During their last years of office these deputies visited Crimea twice, in breach of French national and United Nations policy, and they made pro-Russian public relations statements to demonstrate their solidarity with Russia’s illegal occupation of Crimea, speaking out in favour of removing sanctions against Russia.

But elections are great levellers, and it is not surprising that French voters failed to be impressed by the fact that these politicians spent their time on foreign ventures rather than representing the local interests of their own constituents. So they rightly exercised their democratic privilege to vote them out of office.

But before the dust has settled from these political changes, Russia is already recruiting replacements to support their propaganda initiatives in France. The latest ciphers to join their ranks are local government politicians from Bouches-du-Rhône county in southern France, who travelled to Donetsk via Moscow and Rostov-on-Don last June at the invitation of Russia.

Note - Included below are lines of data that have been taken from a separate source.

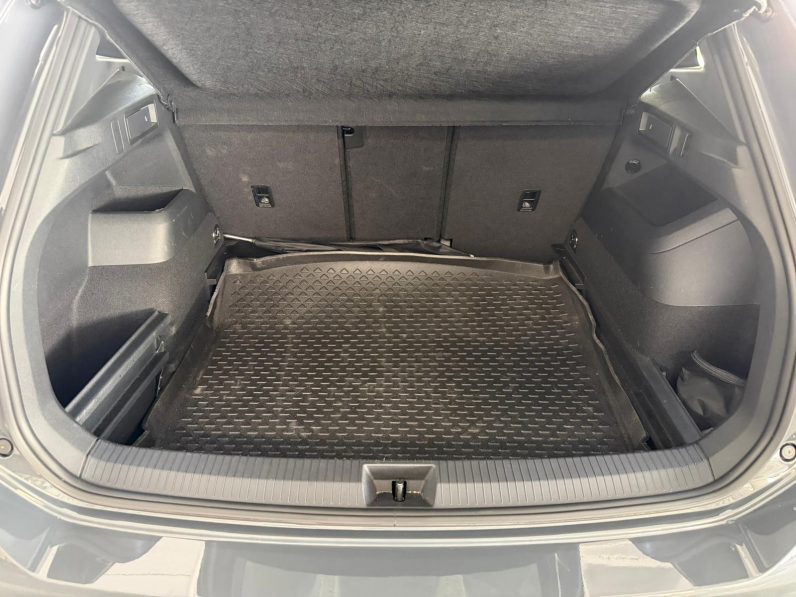 
								VOLKSWAGEN Tiguan RLine 2.0 TDI DSG completo									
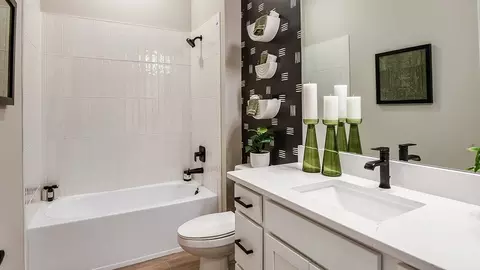 Bath - 1009 Tassleflower Trl, Saint Cloud, FL 34771 photo 3 of 15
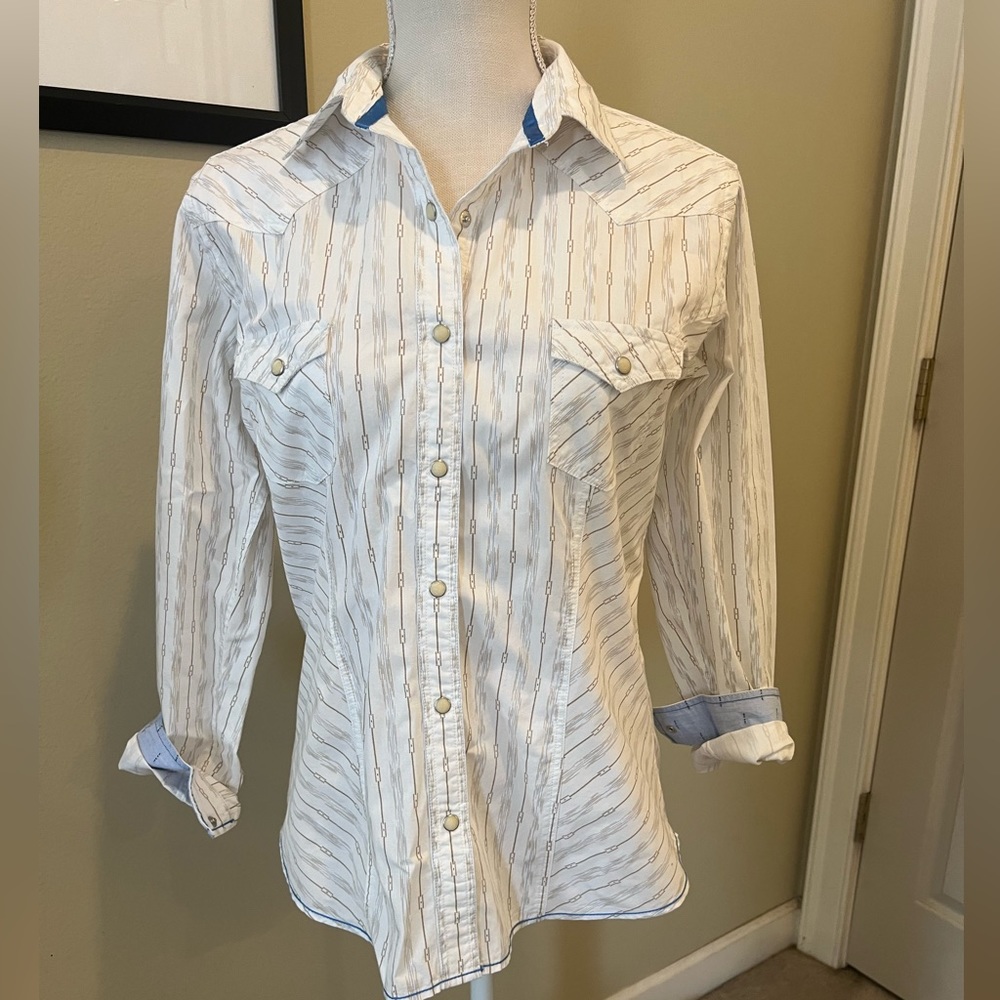 Panhandle Rough Stock Western white snap front buttondown shirt. Size M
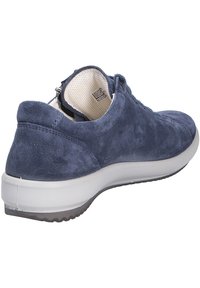 Baskets en daim bleu marine avec une finition texturée, silhouette arrondie, col rembourré et semelle en caoutchouc blanche. Fermeture éclair latérale pour un accès facile.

According to the regional newspaper “Le Provence” the politicians include Christian Borelli, a municipal councillor from Vitrolles; Christiane Pujol, a departmental councillor from Provence-Alpes-Côte d’Azur province; and Hubert Fayard, municipal councillor in Coudoux. Their mission has violated Ukraine’s legislation by virtue of the fact that they entered Donetsk oblast by road from Russia and not from Ukraine. Apparently the French Ministry of Foreign Affairs was not aware of their visit.

What is interesting about the trip is not the fact that the Kremlin has recruited fresh ciphers to peddle their propaganda line in France, but that the new recruits should be of little influence compared with their predecessors, and that their mission bears absolutely no relevance to their electoral mandate at home. The local government politicians do not have the same representative status as Thierry Mariani who was the co-chair of the NGO “French-Russian Dialogue Association,” an organisation committed to “strengthening strategic relations” between both countries.

Could this be a sign that it has become more difficult for Russia to recruit support for the Kremlin’s line in French political circles under the new government of President Macron?

Whatever the reason, the Bouche-du-Rhône councillors will find it difficult to explain to their local voters back home what could possibly have been the relevance of their jaunt to Moscow and Donetsk to their their regional responsibilities to manage the municipal administration of Provence.

Their predecessors, the national politicians Mariani, Bouchet, Dhuicq and others, committed similar errors of judgement, and their careers came to an abrupt end. The pointless expedition of the Provence councillors may similarly prove to be limiting for their own future careers. Within days of the local French politicians’ departure from Donetsk, renewed fierce hostilities across the line of conflict flared up with the deadly shelling of Ukrainian military positions and civilians by the Russian troops invading Ukraine. The timing of the councillors’ visit could hardly have been worse.